EXERCISE DESCRIPTION – Find how many lines below hold "with", and give that number as the entire answer.

DATA TO PROCESS Start Marker

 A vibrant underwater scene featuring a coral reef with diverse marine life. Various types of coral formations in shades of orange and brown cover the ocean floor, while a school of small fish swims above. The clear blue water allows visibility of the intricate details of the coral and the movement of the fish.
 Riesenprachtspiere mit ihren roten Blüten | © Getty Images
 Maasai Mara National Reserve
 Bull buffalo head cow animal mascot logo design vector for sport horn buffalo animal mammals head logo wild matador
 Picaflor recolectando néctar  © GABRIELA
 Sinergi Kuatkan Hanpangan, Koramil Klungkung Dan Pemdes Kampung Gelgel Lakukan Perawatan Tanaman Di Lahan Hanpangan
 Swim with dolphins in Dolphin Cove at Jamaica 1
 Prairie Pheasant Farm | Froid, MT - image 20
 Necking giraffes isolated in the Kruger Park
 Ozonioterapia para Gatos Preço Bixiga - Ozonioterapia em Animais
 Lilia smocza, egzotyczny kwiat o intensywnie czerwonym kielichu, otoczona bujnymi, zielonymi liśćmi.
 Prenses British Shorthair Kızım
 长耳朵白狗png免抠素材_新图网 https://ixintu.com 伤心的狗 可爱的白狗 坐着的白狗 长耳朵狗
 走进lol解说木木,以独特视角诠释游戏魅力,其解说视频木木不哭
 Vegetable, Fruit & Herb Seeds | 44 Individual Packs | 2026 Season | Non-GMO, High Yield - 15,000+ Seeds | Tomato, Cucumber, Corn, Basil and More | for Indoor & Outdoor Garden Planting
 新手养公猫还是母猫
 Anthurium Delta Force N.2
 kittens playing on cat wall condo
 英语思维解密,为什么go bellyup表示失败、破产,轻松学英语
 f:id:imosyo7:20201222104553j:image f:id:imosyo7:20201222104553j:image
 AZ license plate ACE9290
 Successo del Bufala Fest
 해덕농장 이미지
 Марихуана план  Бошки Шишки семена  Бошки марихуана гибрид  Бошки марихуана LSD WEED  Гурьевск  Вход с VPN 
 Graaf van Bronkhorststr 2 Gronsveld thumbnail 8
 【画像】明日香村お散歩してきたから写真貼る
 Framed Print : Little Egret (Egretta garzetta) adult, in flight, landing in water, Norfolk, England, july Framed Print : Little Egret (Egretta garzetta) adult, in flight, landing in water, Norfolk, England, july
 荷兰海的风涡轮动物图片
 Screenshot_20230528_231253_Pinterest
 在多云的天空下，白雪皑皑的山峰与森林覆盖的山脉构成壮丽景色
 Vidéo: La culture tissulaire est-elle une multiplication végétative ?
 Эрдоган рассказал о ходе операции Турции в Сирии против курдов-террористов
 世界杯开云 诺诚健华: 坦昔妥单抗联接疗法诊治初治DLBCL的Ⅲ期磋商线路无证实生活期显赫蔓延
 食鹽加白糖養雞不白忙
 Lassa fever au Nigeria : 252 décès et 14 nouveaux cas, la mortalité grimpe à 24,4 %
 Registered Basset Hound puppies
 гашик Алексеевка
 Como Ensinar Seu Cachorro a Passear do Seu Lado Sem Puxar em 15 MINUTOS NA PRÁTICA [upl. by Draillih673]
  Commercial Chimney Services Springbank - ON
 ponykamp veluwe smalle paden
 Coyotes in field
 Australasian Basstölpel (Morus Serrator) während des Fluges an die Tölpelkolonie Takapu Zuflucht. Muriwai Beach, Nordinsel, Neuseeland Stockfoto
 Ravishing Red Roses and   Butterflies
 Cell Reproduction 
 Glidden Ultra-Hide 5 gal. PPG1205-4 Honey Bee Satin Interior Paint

DATA TO PROCESS End Marker

COMPLETED EXERCISE – 2